/super_learner

A parallel implementation of the Super Learner estimator in Python. Winner of the Statistical Learning course contest!

Primary LanguagePython

Super Learners

This repository contains sklearn compatible superLearner estimator. Both sequential and parallel version of the estimator was implemented gaining a speed up of 7x in the parallel one. The superLearner class can be used both for classification and regression tasks. For regression tasks the weights of each base estimator can be calculated solving the optimization problem that minimizes the sum of squares between the meta predictions and the target variable or passing a meta_learner (i.e. any parametric estimator of sklearn framework will be fine). For the classification task the weights are calculated using the accuracy of each estimator. Different metrics will be implemented.

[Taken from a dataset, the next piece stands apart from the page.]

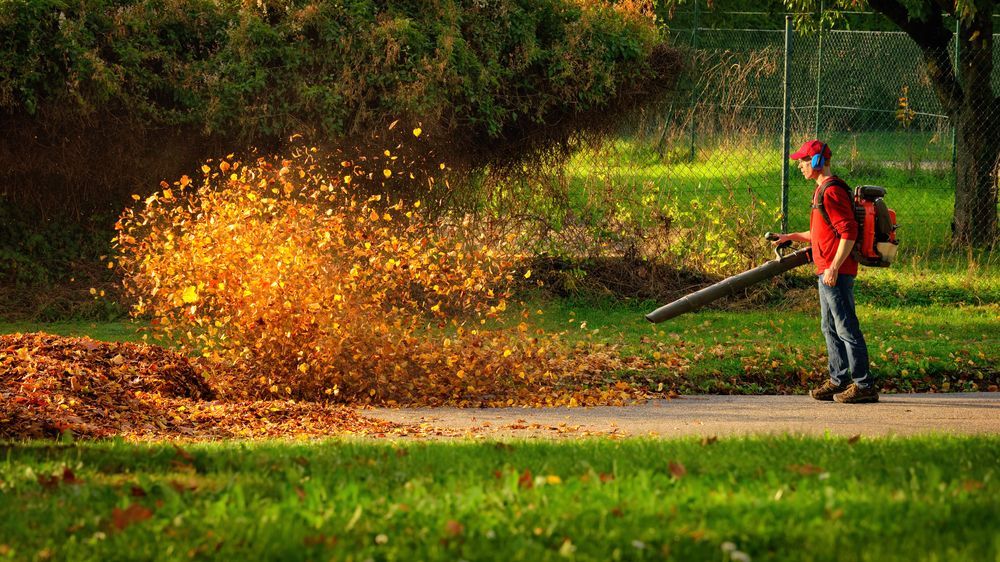 man blowing golden brown leaves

Speedup of the parallel version

speedup

Usage

Define a library of learners as a dictionary as follows:

library = {
    "ols": linear_model.LinearRegression(),
    "ridge": linear_model.RidgeCV(alphas=np.arange(0.05, 15, 0.05)),
    "lasso" : linear_model.LassoCV(alphas=np.arange(0.05, 15.0, 0.05)),
    "elastic" :  linear_model.ElasticNetCV(alphas=np.arange(0.05, 15.0, 0.05)),
    "knn_5": neighbors.KNeighborsRegressor(n_neighbors=5),
    "knn_10": neighbors.KNeighborsRegressor(n_neighbors=10),
    "knn_15": neighbors.KNeighborsRegressor(n_neighbors=15),
}

The Super Learner class is sklearn compatible estimator. As such it has the typical fit and predicts methods. To instanciate the Super Learner we can proceed as follows:

sl = SuperLearner(base_estimators = library, folds = 10,  meta_learner = None, task = 'regression', threshold = 0.01, verbose = False)